Introductory remarks
The search for quality is or ought to be a central responsibility and concern of all in society.
Scientific thinking, respect for facts, integrity in analysis; all these lead to the critical awareness that societies need to advance sustainably. It is therefore useful that you have set aside meaningful time to think about quality. Ultimately though, if I may say so, it is only action and execution that implement high quality thinking, which will change things. Thought without action is sterile, action without thought leads to chaos. So, think we must, but then we must act.
You are unlikely to know that my own professional career started, as a young chemical engineer, in a Quality Assurance department. I remain indebted to Mrs. Pamela Aba Turkson and to Joseph Tusah, my two bosses at the time – and to the large teams of technicians that worked for them, for the patience they showed in training me. That training gave me a grounding in the subject which was to grow into a life-long passion.
There are many ways in which we can approach the subject of quality management. There is a danger of intolerable repetition, if all speakers at your events this year, stick to the mainstream industrial templates many Quality Assurance models follow. My approach will therefore try to broaden the horizon from which we discuss this subject. Quality is a people-based whole-society endeavour, it must be viewed holistically.

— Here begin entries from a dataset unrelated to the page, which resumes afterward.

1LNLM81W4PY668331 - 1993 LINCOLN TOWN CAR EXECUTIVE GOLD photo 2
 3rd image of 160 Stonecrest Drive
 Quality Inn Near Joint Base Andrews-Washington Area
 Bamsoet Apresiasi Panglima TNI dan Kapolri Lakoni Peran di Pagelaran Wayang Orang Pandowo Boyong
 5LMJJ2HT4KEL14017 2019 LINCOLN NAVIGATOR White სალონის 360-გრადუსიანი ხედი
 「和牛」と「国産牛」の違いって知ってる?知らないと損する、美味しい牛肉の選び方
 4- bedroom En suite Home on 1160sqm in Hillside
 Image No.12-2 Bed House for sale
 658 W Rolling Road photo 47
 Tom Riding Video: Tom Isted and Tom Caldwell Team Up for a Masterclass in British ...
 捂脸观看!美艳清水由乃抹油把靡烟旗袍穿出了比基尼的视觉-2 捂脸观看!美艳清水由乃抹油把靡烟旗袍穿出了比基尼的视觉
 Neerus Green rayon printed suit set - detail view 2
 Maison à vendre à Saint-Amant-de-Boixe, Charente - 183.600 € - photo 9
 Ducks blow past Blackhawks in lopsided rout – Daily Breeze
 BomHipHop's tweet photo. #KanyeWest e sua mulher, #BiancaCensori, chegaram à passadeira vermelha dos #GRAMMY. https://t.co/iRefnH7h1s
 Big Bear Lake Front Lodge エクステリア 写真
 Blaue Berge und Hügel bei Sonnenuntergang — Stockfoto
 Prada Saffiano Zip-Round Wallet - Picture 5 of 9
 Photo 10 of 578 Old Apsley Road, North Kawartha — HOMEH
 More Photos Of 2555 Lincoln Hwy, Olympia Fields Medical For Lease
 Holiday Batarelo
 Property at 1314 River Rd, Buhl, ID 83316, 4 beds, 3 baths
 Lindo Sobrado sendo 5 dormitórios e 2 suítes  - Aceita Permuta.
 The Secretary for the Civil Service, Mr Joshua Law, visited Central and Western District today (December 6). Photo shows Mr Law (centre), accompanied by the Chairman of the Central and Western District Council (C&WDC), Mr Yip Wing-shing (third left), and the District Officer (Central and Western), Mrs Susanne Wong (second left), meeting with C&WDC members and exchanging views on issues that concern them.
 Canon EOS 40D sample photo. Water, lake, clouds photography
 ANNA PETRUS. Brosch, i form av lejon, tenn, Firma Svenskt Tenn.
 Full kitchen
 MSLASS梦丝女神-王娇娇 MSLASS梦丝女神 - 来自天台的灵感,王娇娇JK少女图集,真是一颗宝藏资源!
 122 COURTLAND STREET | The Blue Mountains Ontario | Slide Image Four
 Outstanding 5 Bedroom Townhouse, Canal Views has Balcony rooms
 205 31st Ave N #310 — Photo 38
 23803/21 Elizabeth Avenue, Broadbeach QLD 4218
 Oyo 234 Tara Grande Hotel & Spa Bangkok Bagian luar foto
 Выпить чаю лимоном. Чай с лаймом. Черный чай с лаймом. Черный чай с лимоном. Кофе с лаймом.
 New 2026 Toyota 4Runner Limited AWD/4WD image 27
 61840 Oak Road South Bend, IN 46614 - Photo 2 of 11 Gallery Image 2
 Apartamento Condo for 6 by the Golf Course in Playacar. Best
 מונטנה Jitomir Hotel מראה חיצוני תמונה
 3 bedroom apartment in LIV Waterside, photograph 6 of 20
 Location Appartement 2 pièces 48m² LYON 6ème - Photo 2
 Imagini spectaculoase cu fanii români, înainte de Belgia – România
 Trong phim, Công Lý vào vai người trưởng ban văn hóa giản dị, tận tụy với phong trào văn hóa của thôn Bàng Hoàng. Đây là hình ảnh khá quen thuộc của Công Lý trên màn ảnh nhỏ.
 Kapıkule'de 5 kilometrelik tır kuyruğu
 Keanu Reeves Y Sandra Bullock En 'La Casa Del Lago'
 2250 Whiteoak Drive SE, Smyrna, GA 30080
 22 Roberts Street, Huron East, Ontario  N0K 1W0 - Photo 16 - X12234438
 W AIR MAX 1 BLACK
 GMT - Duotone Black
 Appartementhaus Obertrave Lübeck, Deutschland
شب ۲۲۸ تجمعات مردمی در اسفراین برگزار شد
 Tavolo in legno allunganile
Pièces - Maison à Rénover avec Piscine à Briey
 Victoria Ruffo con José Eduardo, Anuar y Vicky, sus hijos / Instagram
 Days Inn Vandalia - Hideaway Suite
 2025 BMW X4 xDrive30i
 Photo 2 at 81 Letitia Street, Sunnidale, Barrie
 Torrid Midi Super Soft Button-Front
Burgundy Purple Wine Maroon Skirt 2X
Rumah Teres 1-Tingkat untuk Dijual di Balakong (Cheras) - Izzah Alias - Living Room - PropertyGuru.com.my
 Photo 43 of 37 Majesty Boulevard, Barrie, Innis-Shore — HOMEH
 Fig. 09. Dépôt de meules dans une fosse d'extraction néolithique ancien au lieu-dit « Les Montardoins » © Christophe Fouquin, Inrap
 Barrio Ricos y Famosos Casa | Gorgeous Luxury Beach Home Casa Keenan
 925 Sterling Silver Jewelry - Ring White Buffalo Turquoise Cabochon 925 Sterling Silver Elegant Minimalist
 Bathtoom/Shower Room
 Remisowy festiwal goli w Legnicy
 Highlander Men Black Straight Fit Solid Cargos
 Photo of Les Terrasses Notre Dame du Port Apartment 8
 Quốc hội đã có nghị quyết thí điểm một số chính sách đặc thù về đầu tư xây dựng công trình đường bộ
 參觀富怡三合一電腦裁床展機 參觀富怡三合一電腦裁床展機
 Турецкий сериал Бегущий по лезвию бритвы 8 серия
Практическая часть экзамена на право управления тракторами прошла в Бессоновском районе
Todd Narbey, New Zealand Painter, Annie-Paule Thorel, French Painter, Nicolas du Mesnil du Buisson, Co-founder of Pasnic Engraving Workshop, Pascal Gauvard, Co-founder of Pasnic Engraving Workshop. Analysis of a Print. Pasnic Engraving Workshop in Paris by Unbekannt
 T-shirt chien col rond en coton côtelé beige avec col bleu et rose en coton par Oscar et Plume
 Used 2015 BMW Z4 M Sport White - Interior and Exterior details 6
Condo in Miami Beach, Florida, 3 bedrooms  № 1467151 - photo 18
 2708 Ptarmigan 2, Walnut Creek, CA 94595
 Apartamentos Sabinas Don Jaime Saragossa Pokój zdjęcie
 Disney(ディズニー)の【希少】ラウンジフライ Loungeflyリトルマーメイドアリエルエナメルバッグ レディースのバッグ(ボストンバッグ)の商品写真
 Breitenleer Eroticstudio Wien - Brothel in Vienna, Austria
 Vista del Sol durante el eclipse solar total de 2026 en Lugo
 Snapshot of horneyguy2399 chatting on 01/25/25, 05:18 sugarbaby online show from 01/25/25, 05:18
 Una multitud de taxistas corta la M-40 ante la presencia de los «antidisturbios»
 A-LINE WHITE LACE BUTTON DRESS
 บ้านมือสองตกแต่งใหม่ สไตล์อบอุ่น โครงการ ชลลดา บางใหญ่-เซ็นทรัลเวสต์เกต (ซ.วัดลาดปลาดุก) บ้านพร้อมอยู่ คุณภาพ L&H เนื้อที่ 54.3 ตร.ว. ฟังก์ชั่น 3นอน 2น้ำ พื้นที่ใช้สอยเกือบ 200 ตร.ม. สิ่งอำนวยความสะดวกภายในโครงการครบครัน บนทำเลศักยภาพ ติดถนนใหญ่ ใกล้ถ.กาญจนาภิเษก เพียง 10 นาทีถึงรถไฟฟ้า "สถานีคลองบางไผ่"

For today, may we surrender wholly to the thoughts of the respected Japanese thinker of the Quality movements of yesteryears, Genichi Taguchi, when he observed that: “The essence of quality is the minimization of loss to society.”1
Taguchi was speaking in Japanese, some elements of his full meaning get lost in the translation to English. Fully excavated and viewed holistically, he was signalling much more than the cryptic statement suggests on the first read in English. In Taguchi’s crisp formulation – and note he was speaking more than forty years ago, he captured the spirit and intent of what is today known as “Economics of Mutuality,” “Sustainability,” “Multi-stakeholder approaches,” and so on. This matters very much to us in Ghana. Sustainability is the practice of meeting present needs without compromising the ability of future generations to meet their own, by balancing environmental health, economic viability, and social equity.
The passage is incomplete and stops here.